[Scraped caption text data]
══════════════════════════════

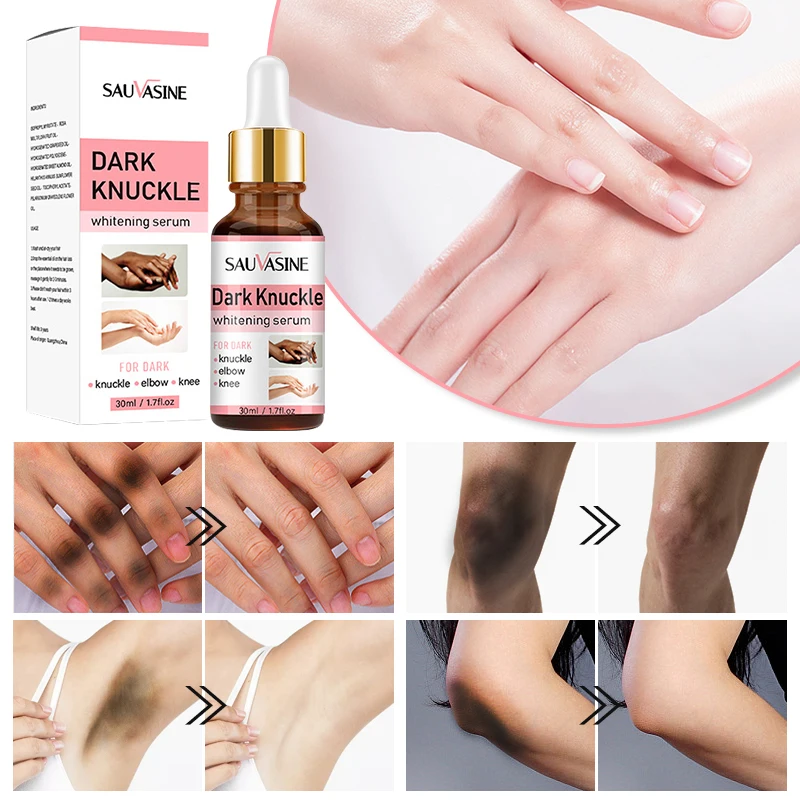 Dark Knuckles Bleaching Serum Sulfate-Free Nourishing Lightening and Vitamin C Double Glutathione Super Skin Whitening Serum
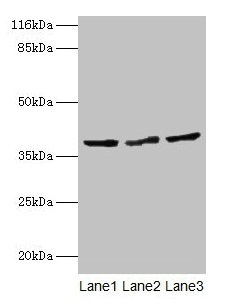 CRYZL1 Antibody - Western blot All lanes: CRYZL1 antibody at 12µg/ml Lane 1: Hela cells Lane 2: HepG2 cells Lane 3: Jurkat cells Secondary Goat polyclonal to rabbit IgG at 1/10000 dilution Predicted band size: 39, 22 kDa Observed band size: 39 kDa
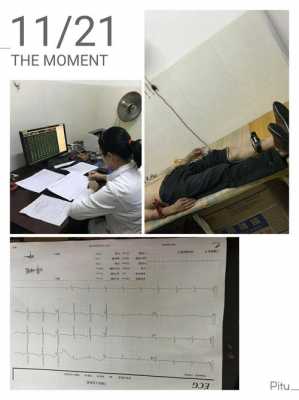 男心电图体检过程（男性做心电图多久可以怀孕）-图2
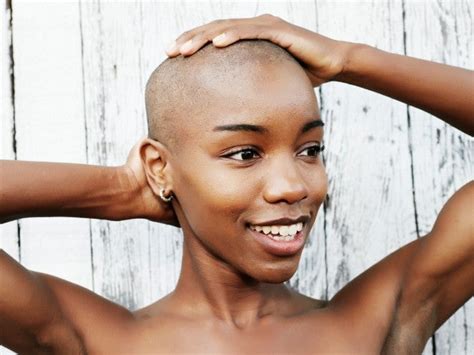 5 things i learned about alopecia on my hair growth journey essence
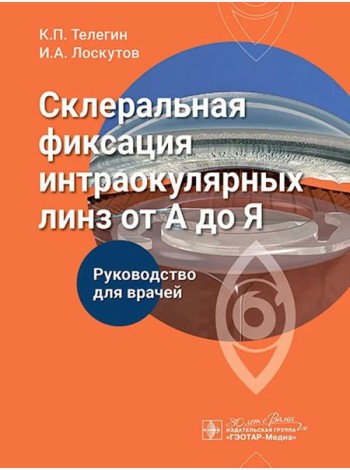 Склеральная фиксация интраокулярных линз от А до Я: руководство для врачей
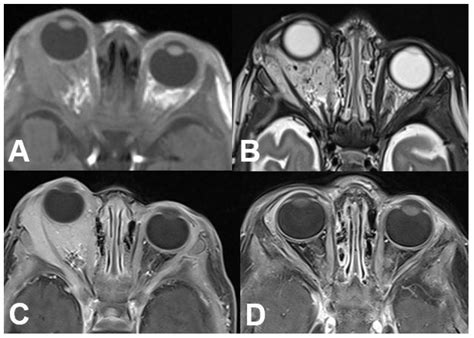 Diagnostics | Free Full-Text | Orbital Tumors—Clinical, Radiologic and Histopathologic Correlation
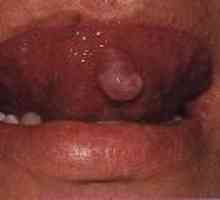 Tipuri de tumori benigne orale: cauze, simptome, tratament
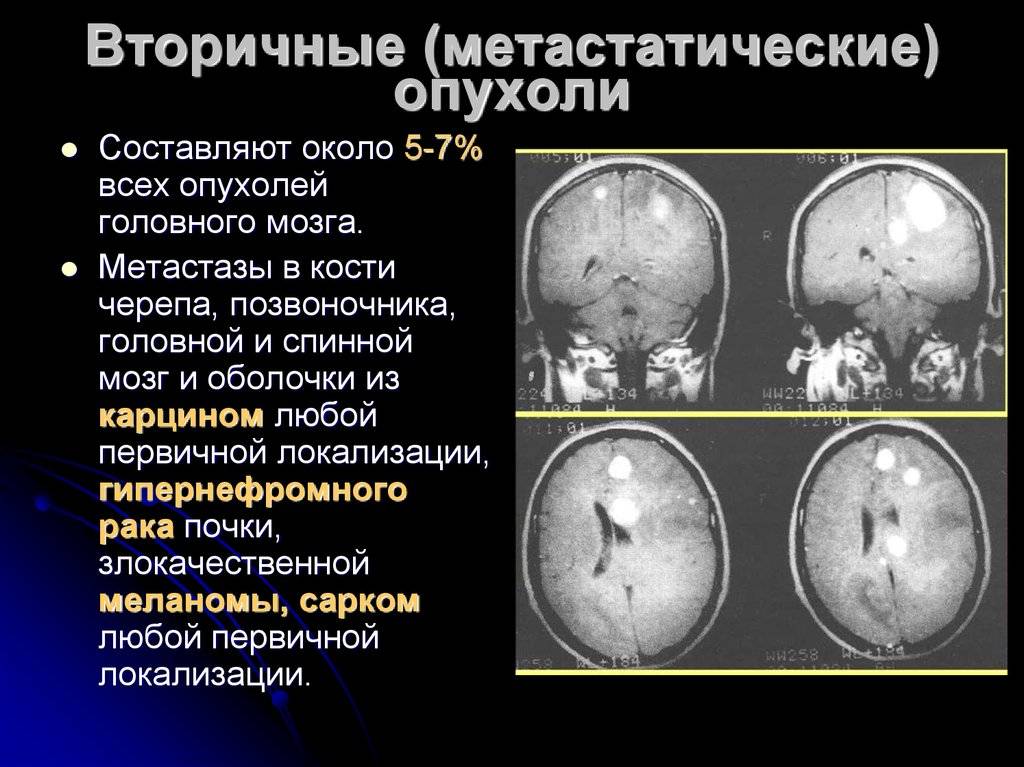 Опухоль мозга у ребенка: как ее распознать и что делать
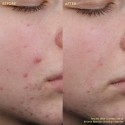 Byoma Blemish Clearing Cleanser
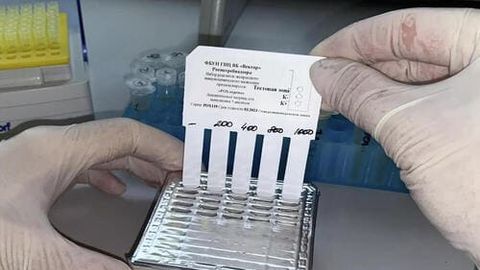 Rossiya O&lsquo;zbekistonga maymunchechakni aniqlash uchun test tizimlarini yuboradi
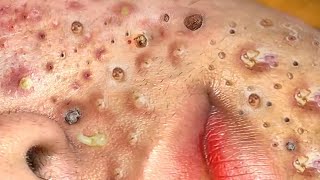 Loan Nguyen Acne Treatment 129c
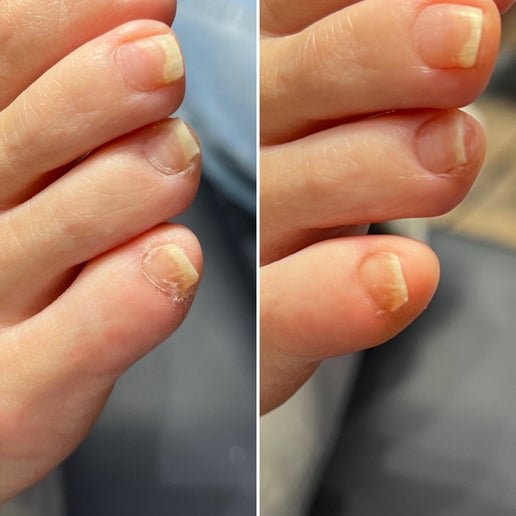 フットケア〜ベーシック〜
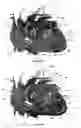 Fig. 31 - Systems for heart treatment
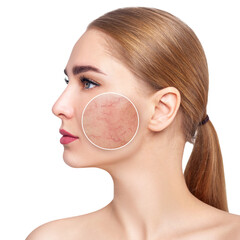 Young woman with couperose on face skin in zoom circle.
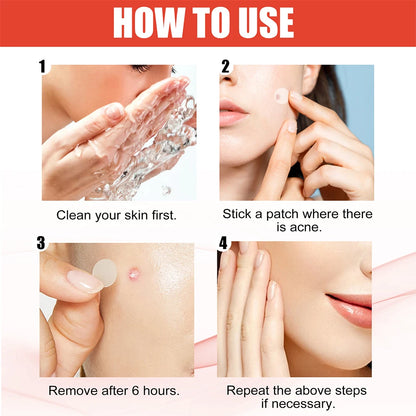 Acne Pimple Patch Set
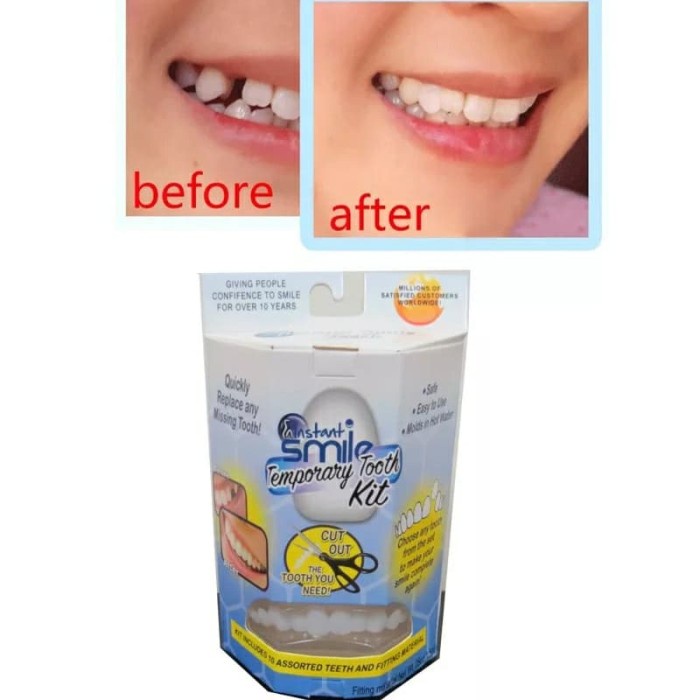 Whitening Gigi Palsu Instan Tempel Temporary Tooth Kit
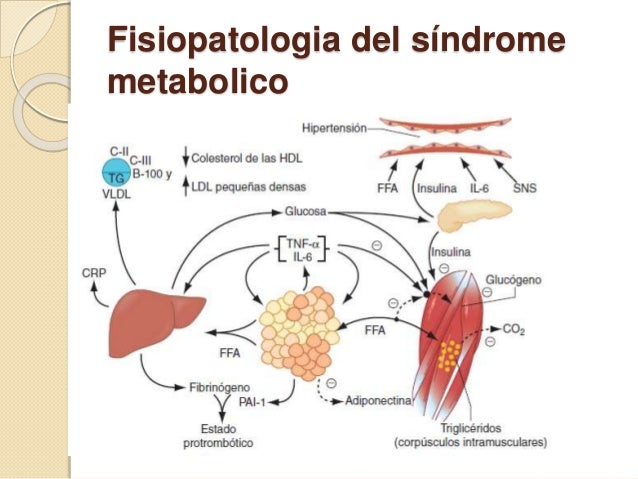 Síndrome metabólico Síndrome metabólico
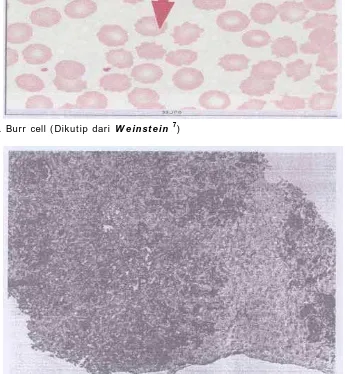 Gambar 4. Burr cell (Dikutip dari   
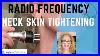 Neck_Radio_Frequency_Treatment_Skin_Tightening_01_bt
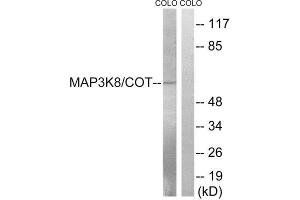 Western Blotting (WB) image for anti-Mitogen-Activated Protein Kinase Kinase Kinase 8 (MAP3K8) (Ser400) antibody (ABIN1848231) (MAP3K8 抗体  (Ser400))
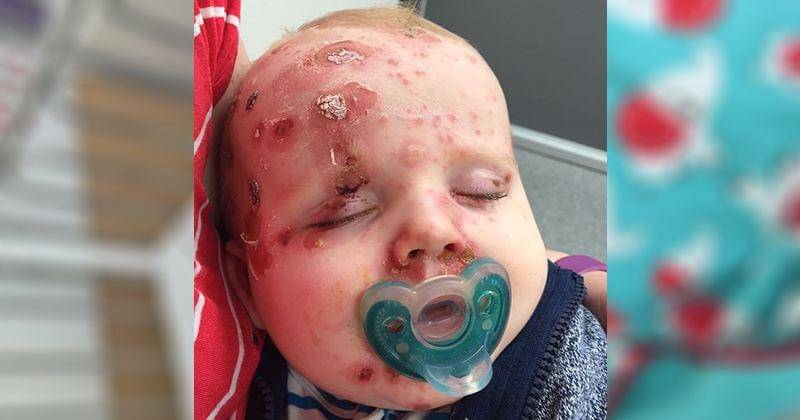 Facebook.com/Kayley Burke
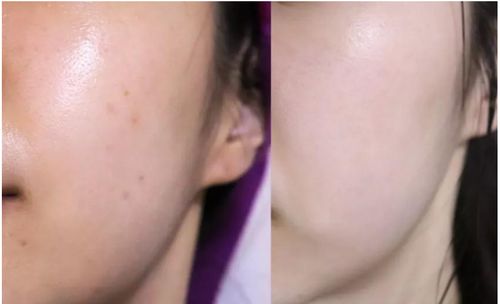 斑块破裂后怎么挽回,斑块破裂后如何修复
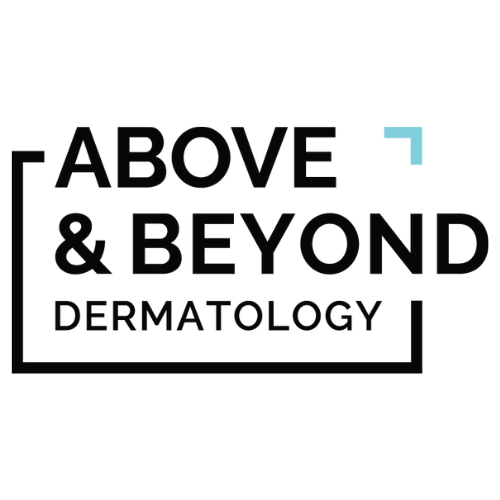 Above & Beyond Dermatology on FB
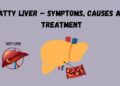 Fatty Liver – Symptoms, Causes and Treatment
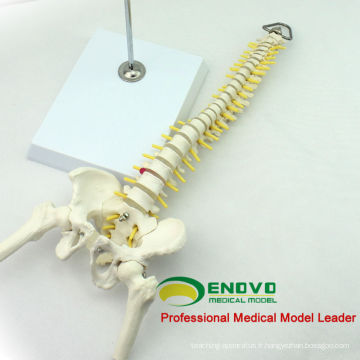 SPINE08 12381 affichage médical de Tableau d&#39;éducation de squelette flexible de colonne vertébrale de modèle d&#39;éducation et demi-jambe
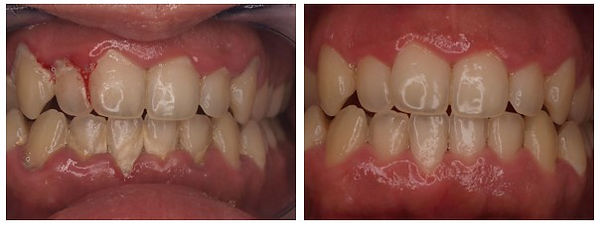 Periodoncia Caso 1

══════════════════════════════

● **Your task**
Retype exactly, please, the span from the line holding "Diagnostics | Free" through the closing line of the data, both ends included, without the pictures.

● **Task solution**
 Diagnostics | Free Full-Text | Orbital Tumors—Clinical, Radiologic and Histopathologic Correlation
 Tipuri de tumori benigne orale: cauze, simptome, tratament
 Опухоль мозга у ребенка: как ее распознать и что делать
 Byoma Blemish Clearing Cleanser
 Rossiya O&lsquo;zbekistonga maymunchechakni aniqlash uchun test tizimlarini yuboradi
 Loan Nguyen Acne Treatment 129c
 フットケア〜ベーシック〜
 Fig. 31 - Systems for heart treatment
 Young woman with couperose on face skin in zoom circle.
 Acne Pimple Patch Set
 Whitening Gigi Palsu Instan Tempel Temporary Tooth Kit
 Síndrome metabólico Síndrome metabólico
 Gambar 4. Burr cell (Dikutip dari   
 Neck_Radio_Frequency_Treatment_Skin_Tightening_01_bt
 Western Blotting (WB) image for anti-Mitogen-Activated Protein Kinase Kinase Kinase 8 (MAP3K8) (Ser400) antibody (ABIN1848231) (MAP3K8 抗体  (Ser400))
 Facebook.com/Kayley Burke
 斑块破裂后怎么挽回,斑块破裂后如何修复
 Above & Beyond Dermatology on FB
 Fatty Liver – Symptoms, Causes and Treatment
 SPINE08 12381 affichage médical de Tableau d&#39;éducation de squelette flexible de colonne vertébrale de modèle d&#39;éducation et demi-jambe
 Periodoncia Caso 1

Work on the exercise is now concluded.